An Alaskan English professor and her two young nieces ran afoul of a grizzly on a trail at the Chena River State Recreation Area. The bear was only a cub—perhaps 200 pounds, but it seemed intent upon protecting territory or killing for food. A burly sow wandered elsewhere out of sight, but this juvenile bruin became obsessed with the hikers.
The professor warned the girls to run up the trail while she prepared to confront the grizzly with a can of bear spray and a walking stick. The stinging, stinking bear spray should have demoralized the bear (as advertised), but not this one.
The professor smacked the grizzly’s head with her wooden cane. It shattered, and she threw packages of macaroni and cheese at the bear, hoping to distract it with anything other than her. Suddenly her nieces screamed. They had seen another grizzly! The girls rejoined their aunt and all three huddled close as they hiked slowly toward the trailhead.
The aggressive cub retreated, sizing up the frightened trio, then “false” charged them—again and again—for nearly a mile. The grizzly finally lost interest and the teacher and her terrified nieces found safety inside a lodge.

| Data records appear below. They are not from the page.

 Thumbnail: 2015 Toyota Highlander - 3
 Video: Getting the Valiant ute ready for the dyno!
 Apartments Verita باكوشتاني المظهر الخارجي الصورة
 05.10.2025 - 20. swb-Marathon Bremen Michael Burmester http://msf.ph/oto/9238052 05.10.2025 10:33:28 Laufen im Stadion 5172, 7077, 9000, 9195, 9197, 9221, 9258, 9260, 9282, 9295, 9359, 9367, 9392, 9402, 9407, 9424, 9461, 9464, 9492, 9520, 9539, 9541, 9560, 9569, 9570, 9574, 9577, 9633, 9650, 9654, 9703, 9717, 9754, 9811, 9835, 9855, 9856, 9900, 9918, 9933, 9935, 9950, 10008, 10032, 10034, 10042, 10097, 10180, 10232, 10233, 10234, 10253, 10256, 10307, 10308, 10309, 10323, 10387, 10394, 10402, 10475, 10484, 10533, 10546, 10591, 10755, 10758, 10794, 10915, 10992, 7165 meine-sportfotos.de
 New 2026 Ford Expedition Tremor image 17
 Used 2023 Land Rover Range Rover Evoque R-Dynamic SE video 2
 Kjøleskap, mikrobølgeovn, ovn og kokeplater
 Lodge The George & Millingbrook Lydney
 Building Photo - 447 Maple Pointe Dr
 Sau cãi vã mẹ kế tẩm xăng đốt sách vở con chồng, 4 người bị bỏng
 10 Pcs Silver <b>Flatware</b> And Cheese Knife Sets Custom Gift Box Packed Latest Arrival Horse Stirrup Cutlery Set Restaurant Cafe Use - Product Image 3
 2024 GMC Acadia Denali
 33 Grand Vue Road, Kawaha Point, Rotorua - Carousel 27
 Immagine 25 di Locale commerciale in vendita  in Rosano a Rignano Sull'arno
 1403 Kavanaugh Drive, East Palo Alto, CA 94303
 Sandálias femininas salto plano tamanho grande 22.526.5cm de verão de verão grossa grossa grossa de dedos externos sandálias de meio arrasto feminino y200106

What will these two girls remember when they think about their visit to Alaska?
Sometimes a particular scene splashes across our minds over and over—a tragedy or traumatic experience—and we have a choice: Relive it, or neglect it.
Thanking God for his presence even while memories stalk us, ignites our eternal perspective that delivers peace, where no peace is possible. Jesus promises never to forsake us—not during an unpleasant experience and not when we are reminded.
And many times the omniscient Holy Spirit illuminates the “good” along our bitter trails that we may have forgotten.
Like the courage of a level-headed aunt.
II Timothy 1:7
For God has not given us a spirit of fear, but of power, and of love and of a sound mind.
Jesus, thank you for being present in all of my thoughts. Help me neglect memories that distract me from believing your truth.